Dataset records:
^^^^^^^^^^^^^^^^

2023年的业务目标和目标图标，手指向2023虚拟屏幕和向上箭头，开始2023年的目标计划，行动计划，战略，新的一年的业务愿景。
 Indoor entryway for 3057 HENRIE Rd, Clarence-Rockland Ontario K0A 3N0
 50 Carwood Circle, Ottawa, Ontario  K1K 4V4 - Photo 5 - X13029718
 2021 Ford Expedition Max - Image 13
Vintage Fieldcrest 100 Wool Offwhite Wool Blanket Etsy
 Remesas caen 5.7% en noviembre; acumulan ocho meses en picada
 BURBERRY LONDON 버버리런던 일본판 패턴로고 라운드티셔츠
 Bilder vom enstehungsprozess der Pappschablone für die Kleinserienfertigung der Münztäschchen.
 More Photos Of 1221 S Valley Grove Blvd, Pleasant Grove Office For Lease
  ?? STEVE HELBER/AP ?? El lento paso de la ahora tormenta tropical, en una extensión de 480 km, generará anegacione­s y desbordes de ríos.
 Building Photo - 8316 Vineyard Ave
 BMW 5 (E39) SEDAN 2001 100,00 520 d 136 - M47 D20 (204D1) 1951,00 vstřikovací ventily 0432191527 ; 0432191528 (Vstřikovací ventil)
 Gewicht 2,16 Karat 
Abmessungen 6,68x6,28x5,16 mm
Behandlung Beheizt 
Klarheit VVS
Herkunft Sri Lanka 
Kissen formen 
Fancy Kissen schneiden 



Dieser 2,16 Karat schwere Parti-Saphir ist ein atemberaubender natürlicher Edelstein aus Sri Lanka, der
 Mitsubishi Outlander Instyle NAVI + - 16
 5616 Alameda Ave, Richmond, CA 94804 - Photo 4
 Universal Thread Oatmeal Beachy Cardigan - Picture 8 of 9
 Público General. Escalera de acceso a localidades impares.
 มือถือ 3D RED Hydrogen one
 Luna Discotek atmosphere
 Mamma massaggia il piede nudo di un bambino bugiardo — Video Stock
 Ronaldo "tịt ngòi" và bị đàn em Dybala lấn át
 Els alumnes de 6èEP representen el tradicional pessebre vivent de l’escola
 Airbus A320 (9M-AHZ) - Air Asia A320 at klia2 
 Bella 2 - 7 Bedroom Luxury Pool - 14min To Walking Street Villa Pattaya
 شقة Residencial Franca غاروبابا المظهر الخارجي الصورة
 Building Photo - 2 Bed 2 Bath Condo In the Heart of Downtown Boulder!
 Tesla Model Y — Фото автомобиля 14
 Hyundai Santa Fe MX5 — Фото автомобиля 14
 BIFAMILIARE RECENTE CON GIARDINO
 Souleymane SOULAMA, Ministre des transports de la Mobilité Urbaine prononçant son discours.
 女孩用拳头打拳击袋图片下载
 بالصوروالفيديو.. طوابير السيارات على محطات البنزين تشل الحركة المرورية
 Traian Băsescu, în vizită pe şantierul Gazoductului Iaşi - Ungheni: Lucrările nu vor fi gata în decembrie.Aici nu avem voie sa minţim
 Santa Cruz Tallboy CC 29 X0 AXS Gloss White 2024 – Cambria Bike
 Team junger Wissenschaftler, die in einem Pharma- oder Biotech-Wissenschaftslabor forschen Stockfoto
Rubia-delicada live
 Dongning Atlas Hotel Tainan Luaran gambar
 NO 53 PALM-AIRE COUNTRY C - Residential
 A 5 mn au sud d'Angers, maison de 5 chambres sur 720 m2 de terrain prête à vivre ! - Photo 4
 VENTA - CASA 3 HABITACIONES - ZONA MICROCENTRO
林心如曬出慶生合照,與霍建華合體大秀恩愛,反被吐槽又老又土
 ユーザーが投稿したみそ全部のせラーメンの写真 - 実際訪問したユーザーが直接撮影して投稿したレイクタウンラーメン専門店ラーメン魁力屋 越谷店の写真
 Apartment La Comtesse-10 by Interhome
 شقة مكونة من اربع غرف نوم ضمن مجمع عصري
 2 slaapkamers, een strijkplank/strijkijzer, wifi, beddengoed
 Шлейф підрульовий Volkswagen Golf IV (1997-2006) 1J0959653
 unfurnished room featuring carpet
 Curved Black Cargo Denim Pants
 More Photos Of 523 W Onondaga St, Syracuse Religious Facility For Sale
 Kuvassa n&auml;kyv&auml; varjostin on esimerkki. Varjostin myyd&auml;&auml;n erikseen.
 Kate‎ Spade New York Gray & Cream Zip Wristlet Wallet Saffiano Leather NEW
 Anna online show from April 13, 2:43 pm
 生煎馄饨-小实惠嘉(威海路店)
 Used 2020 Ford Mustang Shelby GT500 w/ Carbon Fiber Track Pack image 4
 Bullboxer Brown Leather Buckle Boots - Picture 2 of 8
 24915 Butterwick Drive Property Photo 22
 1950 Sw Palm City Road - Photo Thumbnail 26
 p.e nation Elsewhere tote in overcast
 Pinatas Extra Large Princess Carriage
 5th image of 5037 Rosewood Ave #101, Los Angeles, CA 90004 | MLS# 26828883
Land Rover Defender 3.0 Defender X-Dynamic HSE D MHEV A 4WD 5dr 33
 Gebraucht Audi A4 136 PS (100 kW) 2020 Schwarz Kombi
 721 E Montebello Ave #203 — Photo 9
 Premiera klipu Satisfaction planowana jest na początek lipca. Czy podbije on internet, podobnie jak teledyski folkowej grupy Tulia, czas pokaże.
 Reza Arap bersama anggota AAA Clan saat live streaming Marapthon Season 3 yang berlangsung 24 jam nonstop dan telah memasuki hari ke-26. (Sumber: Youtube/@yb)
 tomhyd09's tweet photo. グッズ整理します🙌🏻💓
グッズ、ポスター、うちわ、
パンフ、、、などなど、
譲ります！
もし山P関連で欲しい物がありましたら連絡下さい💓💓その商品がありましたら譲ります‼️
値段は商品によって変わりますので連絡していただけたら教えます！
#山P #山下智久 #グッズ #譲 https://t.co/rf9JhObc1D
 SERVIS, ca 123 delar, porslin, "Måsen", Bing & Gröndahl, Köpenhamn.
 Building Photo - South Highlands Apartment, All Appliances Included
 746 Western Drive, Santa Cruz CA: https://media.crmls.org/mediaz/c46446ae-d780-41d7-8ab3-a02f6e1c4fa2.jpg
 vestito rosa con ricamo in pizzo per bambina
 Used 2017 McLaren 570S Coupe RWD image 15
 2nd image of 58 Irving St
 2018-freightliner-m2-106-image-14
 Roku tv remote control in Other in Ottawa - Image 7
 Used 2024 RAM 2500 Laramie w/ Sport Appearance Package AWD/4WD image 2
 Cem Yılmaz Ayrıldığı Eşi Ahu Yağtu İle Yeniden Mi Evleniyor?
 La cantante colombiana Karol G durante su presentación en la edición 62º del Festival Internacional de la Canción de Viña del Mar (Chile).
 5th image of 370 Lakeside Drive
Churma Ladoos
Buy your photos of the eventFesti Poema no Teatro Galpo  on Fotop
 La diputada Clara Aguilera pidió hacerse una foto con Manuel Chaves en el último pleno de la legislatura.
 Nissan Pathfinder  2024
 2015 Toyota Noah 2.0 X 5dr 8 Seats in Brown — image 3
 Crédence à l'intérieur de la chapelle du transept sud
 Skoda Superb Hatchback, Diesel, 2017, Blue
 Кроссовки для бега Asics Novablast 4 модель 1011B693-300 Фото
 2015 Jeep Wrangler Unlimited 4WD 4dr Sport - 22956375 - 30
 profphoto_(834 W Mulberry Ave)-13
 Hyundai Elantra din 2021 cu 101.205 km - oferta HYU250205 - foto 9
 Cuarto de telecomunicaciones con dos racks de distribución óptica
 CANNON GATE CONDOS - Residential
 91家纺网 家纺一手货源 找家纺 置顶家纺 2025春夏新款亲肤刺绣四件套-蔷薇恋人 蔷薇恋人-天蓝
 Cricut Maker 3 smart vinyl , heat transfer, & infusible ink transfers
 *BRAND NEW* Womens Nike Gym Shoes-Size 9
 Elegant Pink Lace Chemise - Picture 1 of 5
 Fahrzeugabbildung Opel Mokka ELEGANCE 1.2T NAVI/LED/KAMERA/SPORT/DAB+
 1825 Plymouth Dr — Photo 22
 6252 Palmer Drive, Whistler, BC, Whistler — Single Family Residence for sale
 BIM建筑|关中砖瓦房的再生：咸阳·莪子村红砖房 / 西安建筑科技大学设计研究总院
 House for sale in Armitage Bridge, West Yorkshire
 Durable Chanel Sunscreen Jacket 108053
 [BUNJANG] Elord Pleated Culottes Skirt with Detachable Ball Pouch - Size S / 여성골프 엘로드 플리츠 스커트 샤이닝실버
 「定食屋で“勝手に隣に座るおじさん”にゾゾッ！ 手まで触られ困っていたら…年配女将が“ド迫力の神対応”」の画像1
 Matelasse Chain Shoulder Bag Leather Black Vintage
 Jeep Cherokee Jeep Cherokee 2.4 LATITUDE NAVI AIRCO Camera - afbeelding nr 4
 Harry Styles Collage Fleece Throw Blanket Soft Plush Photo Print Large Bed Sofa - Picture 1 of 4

^^^^^^^^^^^^^^^^

Extract from the records above the lines from the one containing "Apartment La Comtesse-10 by Interhome" to the one containing "More Photos Of 523", both lines included, exactly as they appear and with nothing else.

YOUR SOLUTION:
 Apartment La Comtesse-10 by Interhome
 شقة مكونة من اربع غرف نوم ضمن مجمع عصري
 2 slaapkamers, een strijkplank/strijkijzer, wifi, beddengoed
 Шлейф підрульовий Volkswagen Golf IV (1997-2006) 1J0959653
 unfurnished room featuring carpet
 Curved Black Cargo Denim Pants
 More Photos Of 523 W Onondaga St, Syracuse Religious Facility For Sale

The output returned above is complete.